---------- Input records

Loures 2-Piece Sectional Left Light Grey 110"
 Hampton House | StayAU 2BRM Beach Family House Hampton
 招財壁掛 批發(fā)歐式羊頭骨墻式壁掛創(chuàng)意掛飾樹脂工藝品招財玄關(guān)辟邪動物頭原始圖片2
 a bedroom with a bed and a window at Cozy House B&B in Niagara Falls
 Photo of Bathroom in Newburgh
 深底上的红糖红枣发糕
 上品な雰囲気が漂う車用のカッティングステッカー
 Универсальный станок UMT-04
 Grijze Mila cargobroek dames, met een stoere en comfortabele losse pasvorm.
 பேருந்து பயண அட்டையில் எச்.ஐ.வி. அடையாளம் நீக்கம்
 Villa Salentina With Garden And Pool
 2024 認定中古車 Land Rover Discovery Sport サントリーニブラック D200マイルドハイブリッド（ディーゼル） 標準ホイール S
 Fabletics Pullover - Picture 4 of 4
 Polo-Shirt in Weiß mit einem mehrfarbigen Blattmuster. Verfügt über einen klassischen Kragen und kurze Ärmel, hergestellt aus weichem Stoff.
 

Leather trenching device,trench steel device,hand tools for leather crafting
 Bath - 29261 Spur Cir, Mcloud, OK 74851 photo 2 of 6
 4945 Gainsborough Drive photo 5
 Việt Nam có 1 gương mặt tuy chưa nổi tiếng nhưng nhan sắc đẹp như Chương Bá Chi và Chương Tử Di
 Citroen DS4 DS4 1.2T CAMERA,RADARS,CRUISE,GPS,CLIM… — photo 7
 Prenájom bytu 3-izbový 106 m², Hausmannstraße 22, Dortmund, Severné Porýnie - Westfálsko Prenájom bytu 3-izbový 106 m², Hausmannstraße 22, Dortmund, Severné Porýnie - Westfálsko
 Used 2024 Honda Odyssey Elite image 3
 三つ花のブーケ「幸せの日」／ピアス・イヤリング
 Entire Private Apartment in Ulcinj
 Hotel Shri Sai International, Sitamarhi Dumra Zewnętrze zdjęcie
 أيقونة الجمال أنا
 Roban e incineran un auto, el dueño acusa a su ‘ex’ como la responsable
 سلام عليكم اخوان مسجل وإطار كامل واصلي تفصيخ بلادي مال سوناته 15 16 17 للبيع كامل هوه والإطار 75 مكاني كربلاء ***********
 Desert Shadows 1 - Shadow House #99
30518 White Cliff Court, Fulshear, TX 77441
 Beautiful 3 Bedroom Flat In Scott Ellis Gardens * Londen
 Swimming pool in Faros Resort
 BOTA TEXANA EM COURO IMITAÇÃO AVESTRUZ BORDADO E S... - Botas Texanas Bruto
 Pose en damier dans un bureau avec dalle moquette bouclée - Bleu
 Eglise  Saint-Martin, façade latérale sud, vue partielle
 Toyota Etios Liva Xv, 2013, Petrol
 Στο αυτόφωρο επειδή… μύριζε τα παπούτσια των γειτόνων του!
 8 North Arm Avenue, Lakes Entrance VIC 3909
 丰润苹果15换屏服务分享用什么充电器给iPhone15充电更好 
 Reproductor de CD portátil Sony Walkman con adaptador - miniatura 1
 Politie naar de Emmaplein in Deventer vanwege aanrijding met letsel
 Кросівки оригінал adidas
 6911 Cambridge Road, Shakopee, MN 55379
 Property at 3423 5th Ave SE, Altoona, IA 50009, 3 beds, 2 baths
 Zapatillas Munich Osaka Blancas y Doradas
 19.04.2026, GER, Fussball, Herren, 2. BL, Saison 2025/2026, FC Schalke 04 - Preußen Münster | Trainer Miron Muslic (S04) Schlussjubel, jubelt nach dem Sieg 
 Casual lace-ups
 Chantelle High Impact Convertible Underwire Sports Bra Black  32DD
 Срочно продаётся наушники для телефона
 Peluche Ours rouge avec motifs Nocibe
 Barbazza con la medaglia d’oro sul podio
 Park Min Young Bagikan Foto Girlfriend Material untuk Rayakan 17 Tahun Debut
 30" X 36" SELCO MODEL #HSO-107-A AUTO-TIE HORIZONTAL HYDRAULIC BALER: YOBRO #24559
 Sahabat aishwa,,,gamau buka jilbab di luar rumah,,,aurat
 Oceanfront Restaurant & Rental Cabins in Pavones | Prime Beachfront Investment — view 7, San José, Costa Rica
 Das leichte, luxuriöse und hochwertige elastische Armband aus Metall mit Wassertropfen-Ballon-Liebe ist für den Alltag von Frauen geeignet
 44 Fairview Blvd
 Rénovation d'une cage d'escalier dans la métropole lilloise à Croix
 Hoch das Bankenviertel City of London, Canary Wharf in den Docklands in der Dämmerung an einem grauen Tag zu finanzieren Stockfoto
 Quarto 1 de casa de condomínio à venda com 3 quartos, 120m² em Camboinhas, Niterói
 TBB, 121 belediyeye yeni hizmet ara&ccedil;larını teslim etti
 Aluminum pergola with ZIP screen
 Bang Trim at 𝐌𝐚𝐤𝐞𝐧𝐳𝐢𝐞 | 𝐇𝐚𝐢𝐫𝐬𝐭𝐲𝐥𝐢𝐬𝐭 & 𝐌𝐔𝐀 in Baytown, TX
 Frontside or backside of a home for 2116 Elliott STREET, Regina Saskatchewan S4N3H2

--------------------

About this task =
Return each line of the records above in which the word "dans" occurs.

Task solution =
 Pose en damier dans un bureau avec dalle moquette bouclée - Bleu
 Rénovation d'une cage d'escalier dans la métropole lilloise à Croix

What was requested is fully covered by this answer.